*** Opening Dataset entries ***
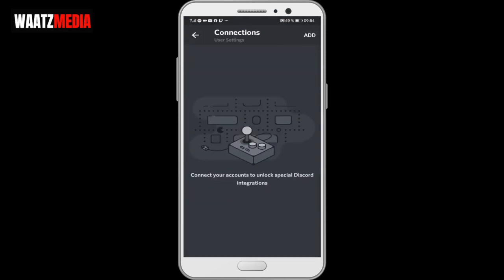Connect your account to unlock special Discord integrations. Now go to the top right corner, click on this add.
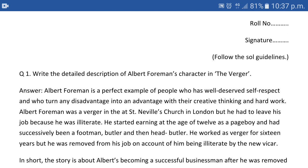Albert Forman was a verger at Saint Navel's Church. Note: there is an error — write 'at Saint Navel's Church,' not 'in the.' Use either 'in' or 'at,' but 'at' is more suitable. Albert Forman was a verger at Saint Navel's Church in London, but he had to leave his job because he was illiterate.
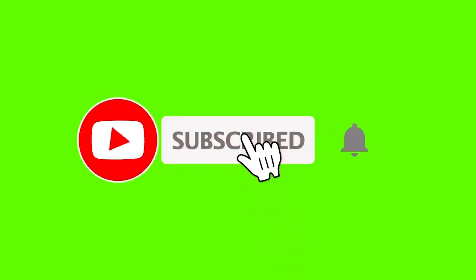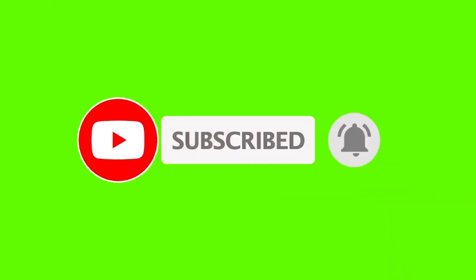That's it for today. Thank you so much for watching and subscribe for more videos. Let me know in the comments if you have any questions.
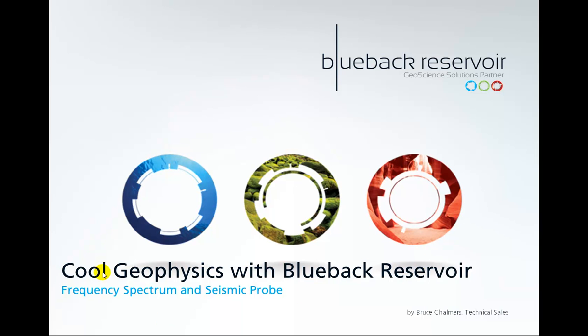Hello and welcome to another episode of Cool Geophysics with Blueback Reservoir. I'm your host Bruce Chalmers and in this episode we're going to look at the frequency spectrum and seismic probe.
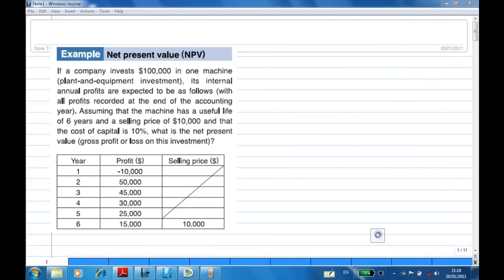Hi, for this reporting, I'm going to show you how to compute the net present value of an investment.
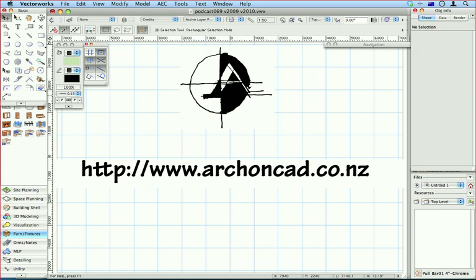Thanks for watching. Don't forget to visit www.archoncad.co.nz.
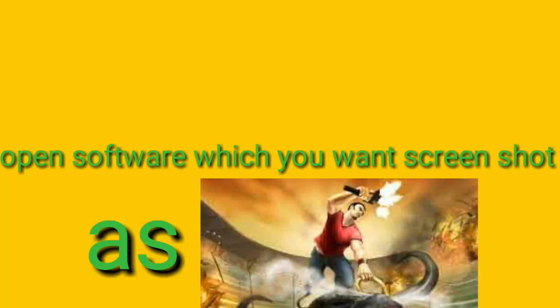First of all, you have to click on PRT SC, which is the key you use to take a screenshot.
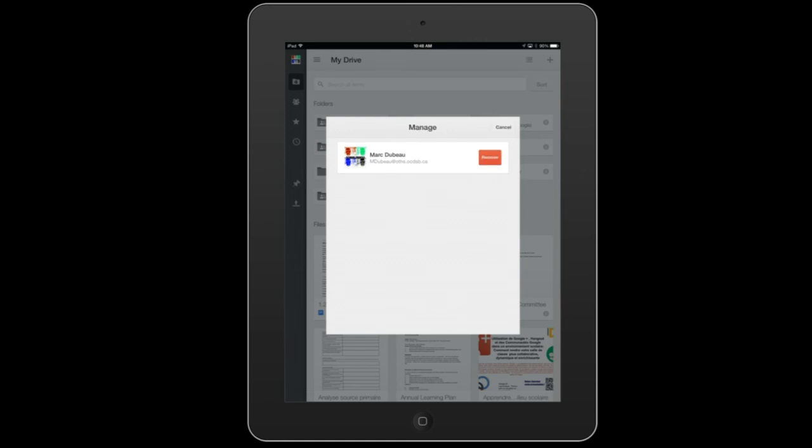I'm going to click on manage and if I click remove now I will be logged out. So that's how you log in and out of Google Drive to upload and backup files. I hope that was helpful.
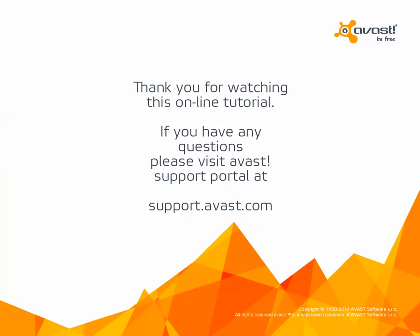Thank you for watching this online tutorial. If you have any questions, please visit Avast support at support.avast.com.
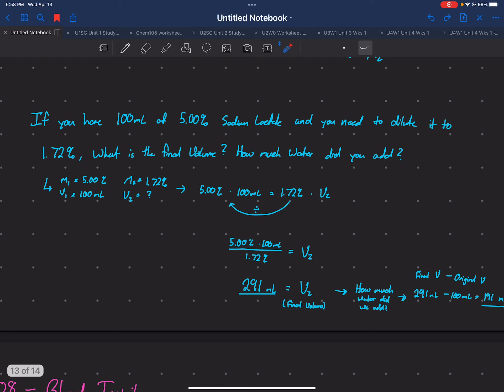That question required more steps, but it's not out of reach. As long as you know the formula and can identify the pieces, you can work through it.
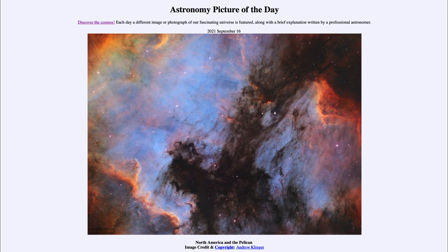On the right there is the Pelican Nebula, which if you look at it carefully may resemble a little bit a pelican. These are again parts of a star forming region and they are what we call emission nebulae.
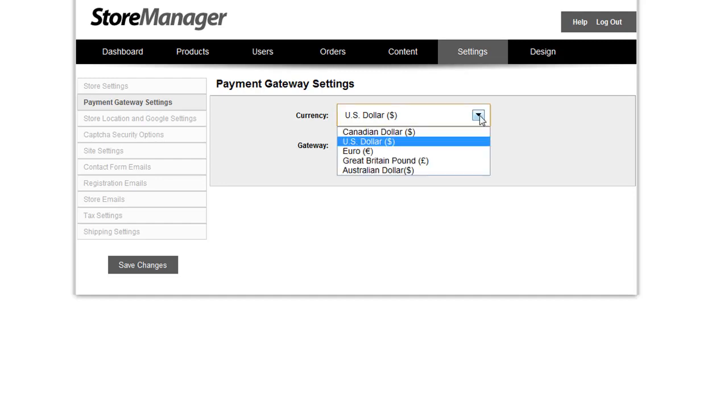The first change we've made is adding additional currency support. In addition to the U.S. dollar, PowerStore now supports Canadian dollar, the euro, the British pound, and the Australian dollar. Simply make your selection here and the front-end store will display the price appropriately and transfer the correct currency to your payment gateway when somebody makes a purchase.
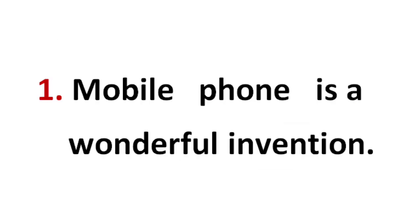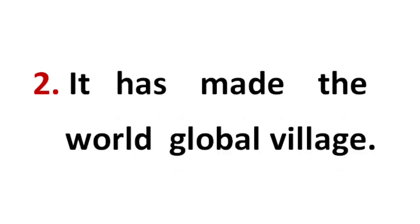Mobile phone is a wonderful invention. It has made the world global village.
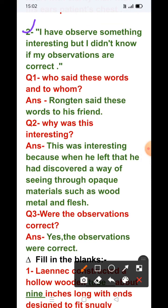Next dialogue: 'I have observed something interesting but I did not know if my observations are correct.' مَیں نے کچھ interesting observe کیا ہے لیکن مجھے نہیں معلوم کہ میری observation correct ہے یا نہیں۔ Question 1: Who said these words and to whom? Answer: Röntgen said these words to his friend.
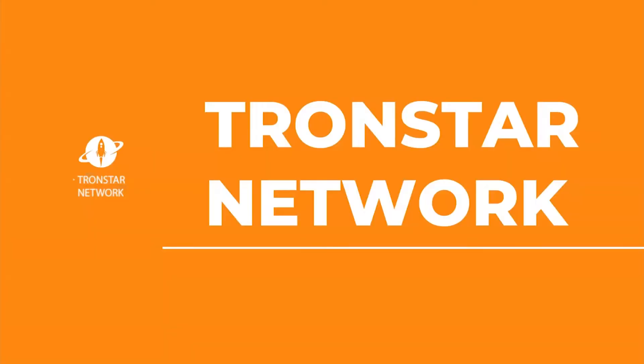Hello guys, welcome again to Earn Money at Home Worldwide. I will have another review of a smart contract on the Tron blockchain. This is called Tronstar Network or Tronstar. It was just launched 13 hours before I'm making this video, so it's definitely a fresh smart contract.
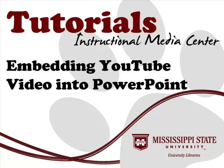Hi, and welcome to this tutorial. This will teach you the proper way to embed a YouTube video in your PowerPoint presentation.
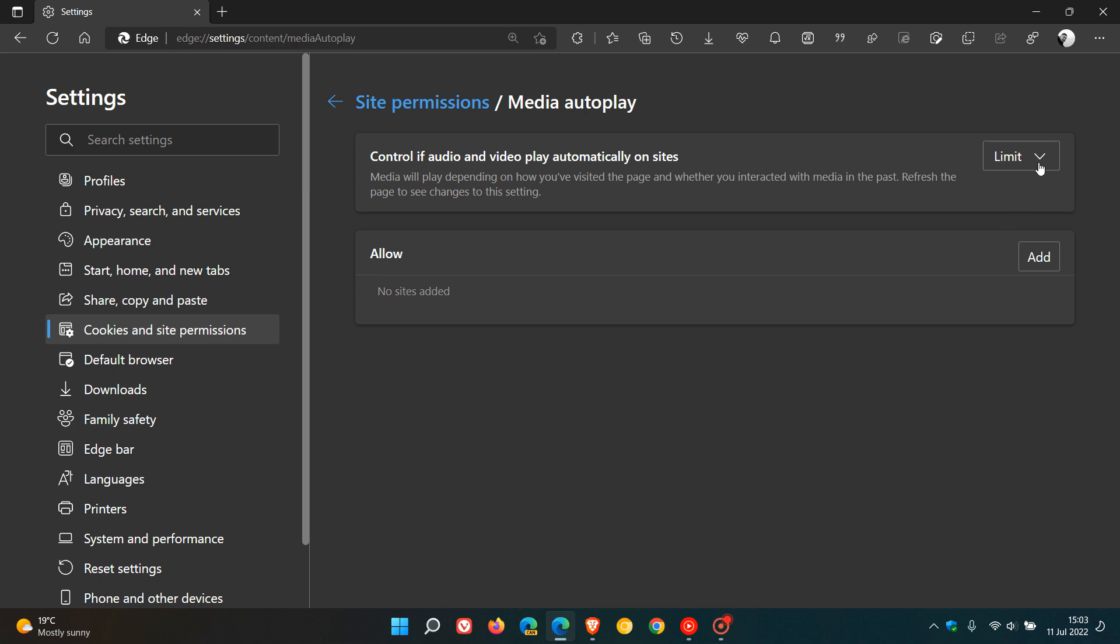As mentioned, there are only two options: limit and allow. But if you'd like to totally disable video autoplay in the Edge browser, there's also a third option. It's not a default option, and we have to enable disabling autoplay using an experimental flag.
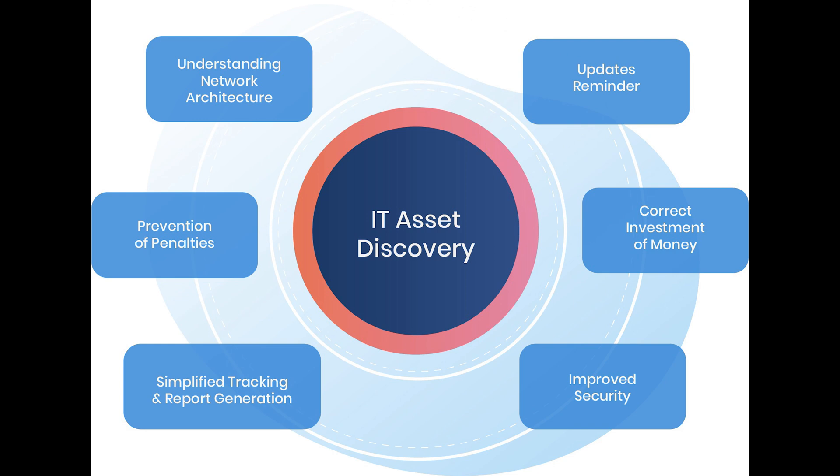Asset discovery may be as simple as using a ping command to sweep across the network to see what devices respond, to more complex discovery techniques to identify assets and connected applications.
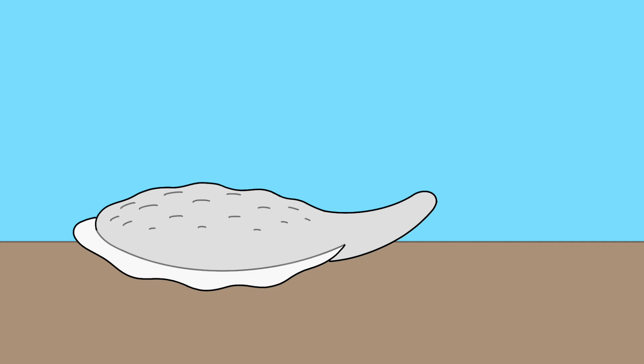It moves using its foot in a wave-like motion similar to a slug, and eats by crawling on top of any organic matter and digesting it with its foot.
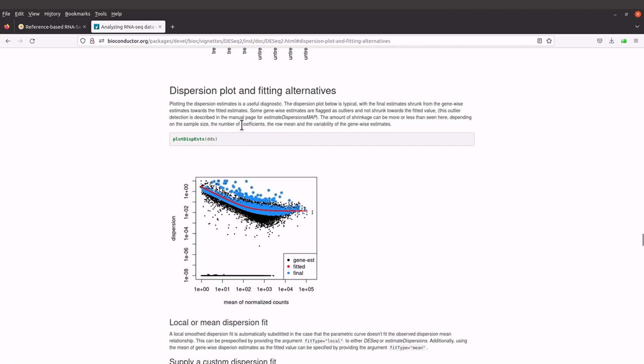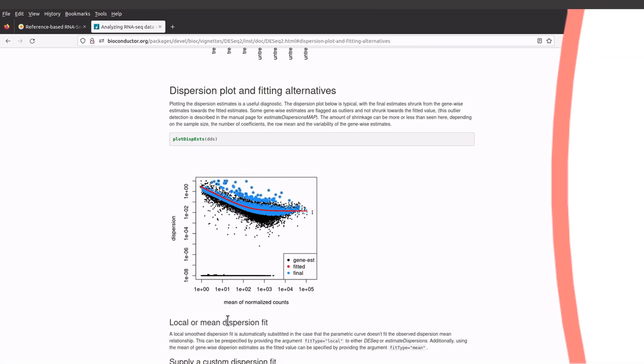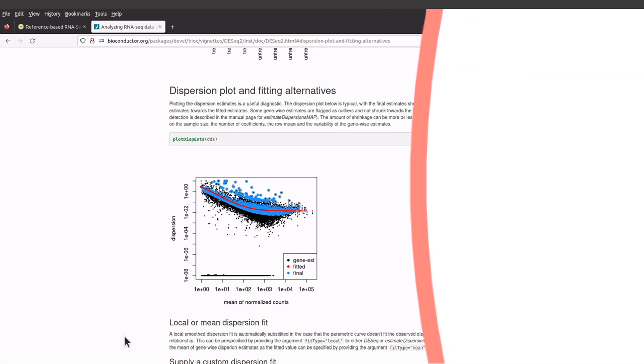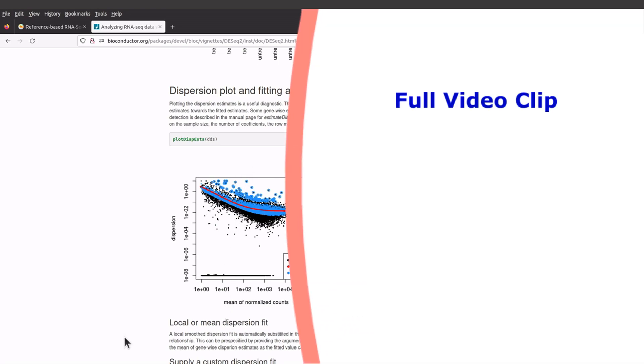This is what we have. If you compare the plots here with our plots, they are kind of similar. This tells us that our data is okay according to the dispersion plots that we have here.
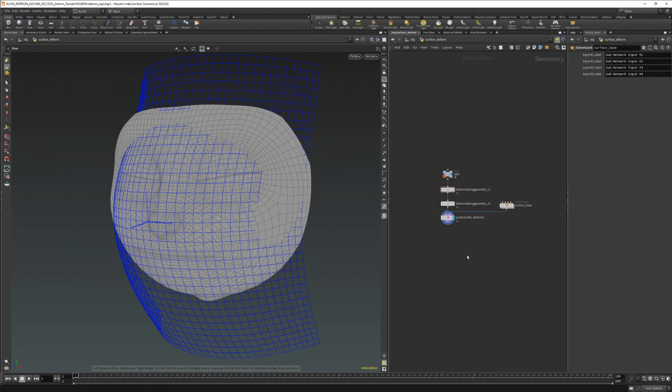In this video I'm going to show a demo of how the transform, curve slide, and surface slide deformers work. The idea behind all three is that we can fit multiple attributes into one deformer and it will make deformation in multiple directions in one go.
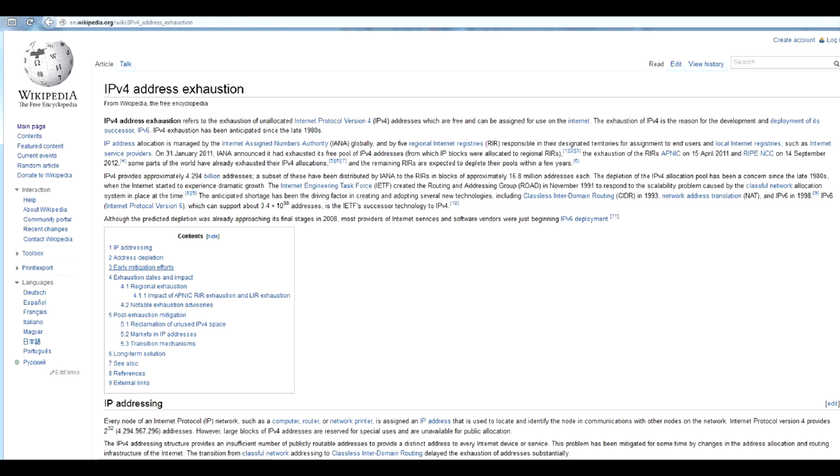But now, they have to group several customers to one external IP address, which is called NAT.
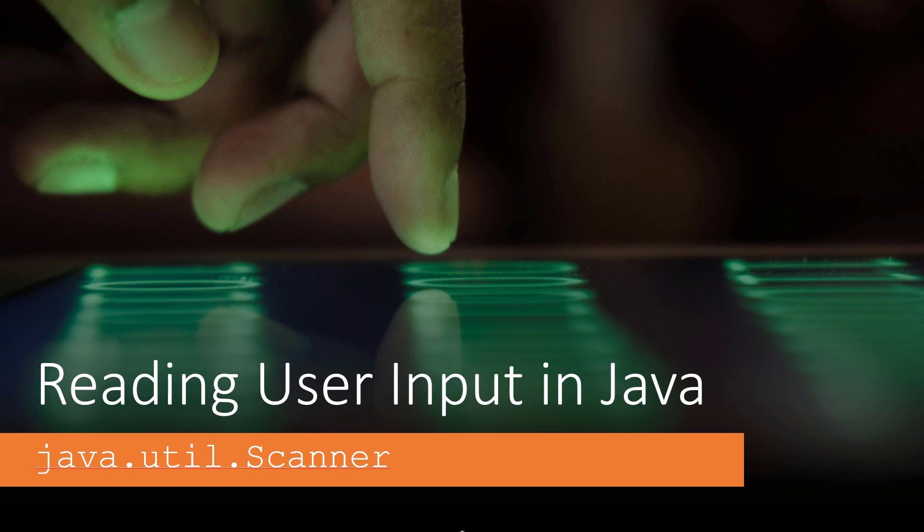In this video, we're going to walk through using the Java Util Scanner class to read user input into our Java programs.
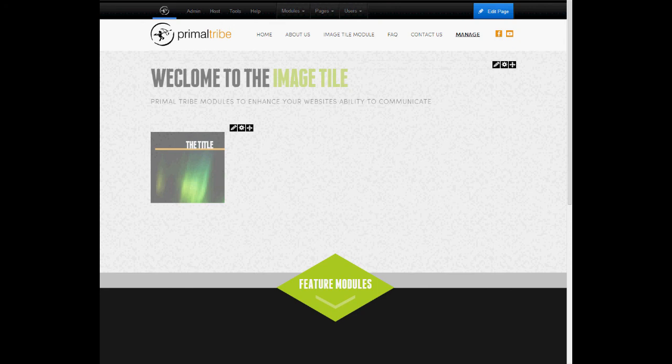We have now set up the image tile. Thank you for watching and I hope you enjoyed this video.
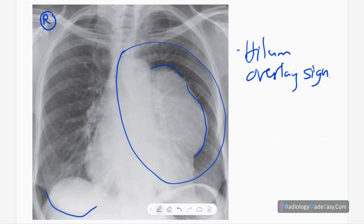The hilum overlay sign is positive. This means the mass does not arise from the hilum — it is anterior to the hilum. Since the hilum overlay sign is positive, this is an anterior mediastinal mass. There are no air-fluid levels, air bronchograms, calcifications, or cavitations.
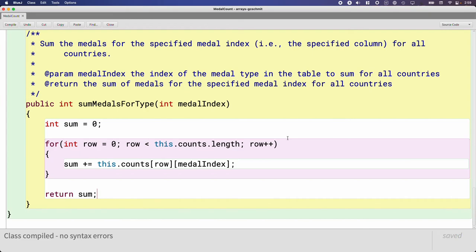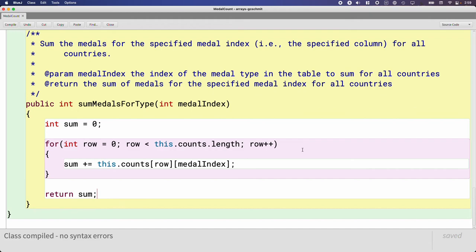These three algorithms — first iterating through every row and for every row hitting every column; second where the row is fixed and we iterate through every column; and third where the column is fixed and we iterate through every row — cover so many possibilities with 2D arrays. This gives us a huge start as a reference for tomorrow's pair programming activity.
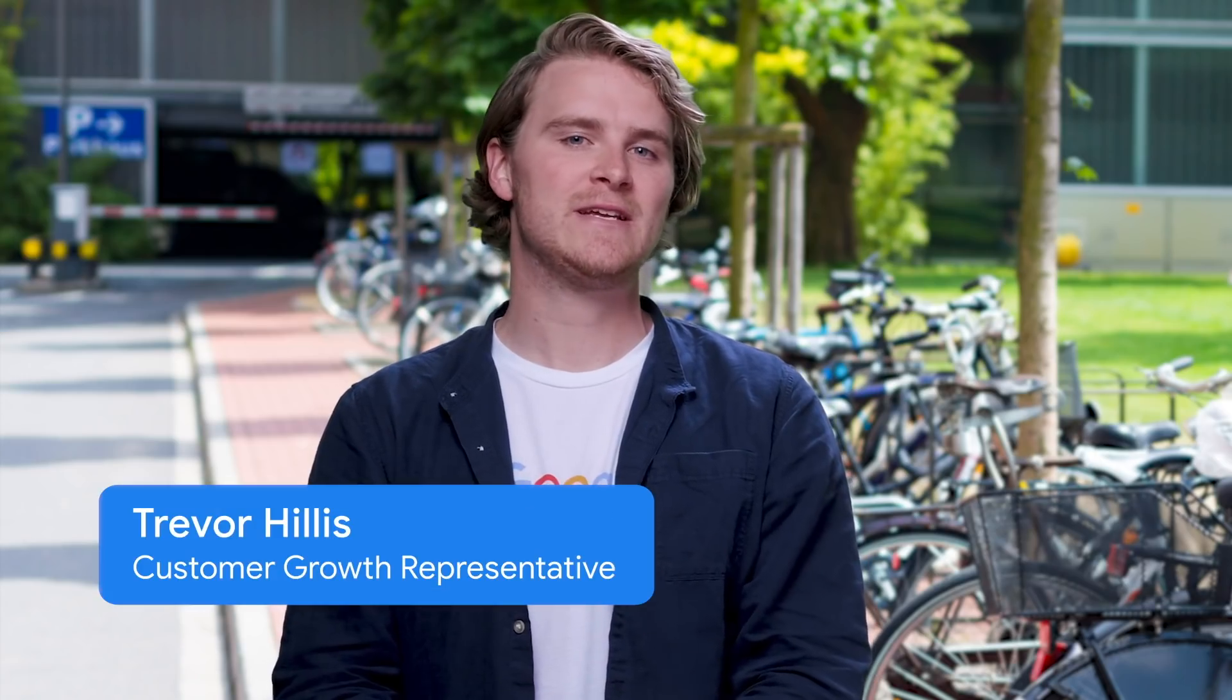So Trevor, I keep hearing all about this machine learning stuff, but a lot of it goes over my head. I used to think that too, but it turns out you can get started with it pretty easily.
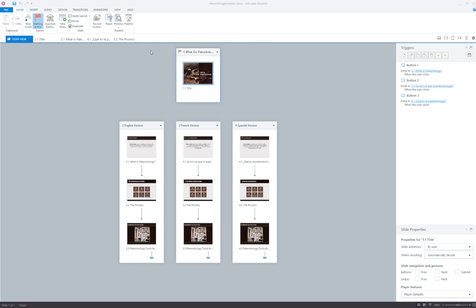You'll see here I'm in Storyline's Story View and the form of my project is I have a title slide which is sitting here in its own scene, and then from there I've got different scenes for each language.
*** Closing Dataset entries ***
_Exercise aim_. An exact copy of each entry is required, minus the pictures.

_Answer box_.
Connect your account to unlock special Discord integrations. Now go to the top right corner, click on this add.
Albert Forman was a verger at Saint Navel's Church. Note: there is an error — write 'at Saint Navel's Church,' not 'in the.' Use either 'in' or 'at,' but 'at' is more suitable. Albert Forman was a verger at Saint Navel's Church in London, but he had to leave his job because he was illiterate.
That's it for today. Thank you so much for watching and subscribe for more videos. Let me know in the comments if you have any questions.
Hello and welcome to another episode of Cool Geophysics with Blueback Reservoir. I'm your host Bruce Chalmers and in this episode we're going to look at the frequency spectrum and seismic probe.
Hi, for this reporting, I'm going to show you how to compute the net present value of an investment.
Thanks for watching. Don't forget to visit www.archoncad.co.nz.
First of all, you have to click on PRT SC, which is the key you use to take a screenshot.
I'm going to click on manage and if I click remove now I will be logged out. So that's how you log in and out of Google Drive to upload and backup files. I hope that was helpful.
Thank you for watching this online tutorial. If you have any questions, please visit Avast support at support.avast.com.
That question required more steps, but it's not out of reach. As long as you know the formula and can identify the pieces, you can work through it.
On the right there is the Pelican Nebula, which if you look at it carefully may resemble a little bit a pelican. These are again parts of a star forming region and they are what we call emission nebulae.
The first change we've made is adding additional currency support. In addition to the U.S. dollar, PowerStore now supports Canadian dollar, the euro, the British pound, and the Australian dollar. Simply make your selection here and the front-end store will display the price appropriately and transfer the correct currency to your payment gateway when somebody makes a purchase.
Mobile phone is a wonderful invention. It has made the world global village.
Next dialogue: 'I have observed something interesting but I did not know if my observations are correct.' مَیں نے کچھ interesting observe کیا ہے لیکن مجھے نہیں معلوم کہ میری observation correct ہے یا نہیں۔ Question 1: Who said these words and to whom? Answer: Röntgen said these words to his friend.
Hello guys, welcome again to Earn Money at Home Worldwide. I will have another review of a smart contract on the Tron blockchain. This is called Tronstar Network or Tronstar. It was just launched 13 hours before I'm making this video, so it's definitely a fresh smart contract.
Hi, and welcome to this tutorial. This will teach you the proper way to embed a YouTube video in your PowerPoint presentation.
As mentioned, there are only two options: limit and allow. But if you'd like to totally disable video autoplay in the Edge browser, there's also a third option. It's not a default option, and we have to enable disabling autoplay using an experimental flag.
Asset discovery may be as simple as using a ping command to sweep across the network to see what devices respond, to more complex discovery techniques to identify assets and connected applications.
It moves using its foot in a wave-like motion similar to a slug, and eats by crawling on top of any organic matter and digesting it with its foot.
This is what we have. If you compare the plots here with our plots, they are kind of similar. This tells us that our data is okay according to the dispersion plots that we have here.
In this video I'm going to show a demo of how the transform, curve slide, and surface slide deformers work. The idea behind all three is that we can fit multiple attributes into one deformer and it will make deformation in multiple directions in one go.
But now, they have to group several customers to one external IP address, which is called NAT.
In this video, we're going to walk through using the Java Util Scanner class to read user input into our Java programs.
We have now set up the image tile. Thank you for watching and I hope you enjoyed this video.
The hilum overlay sign is positive. This means the mass does not arise from the hilum — it is anterior to the hilum. Since the hilum overlay sign is positive, this is an anterior mediastinal mass. There are no air-fluid levels, air bronchograms, calcifications, or cavitations.
These three algorithms — first iterating through every row and for every row hitting every column; second where the row is fixed and we iterate through every column; and third where the column is fixed and we iterate through every row — cover so many possibilities with 2D arrays. This gives us a huge start as a reference for tomorrow's pair programming activity.
So Trevor, I keep hearing all about this machine learning stuff, but a lot of it goes over my head. I used to think that too, but it turns out you can get started with it pretty easily.
You'll see here I'm in Storyline's Story View and the form of my project is I have a title slide which is sitting here in its own scene, and then from there I've got different scenes for each language.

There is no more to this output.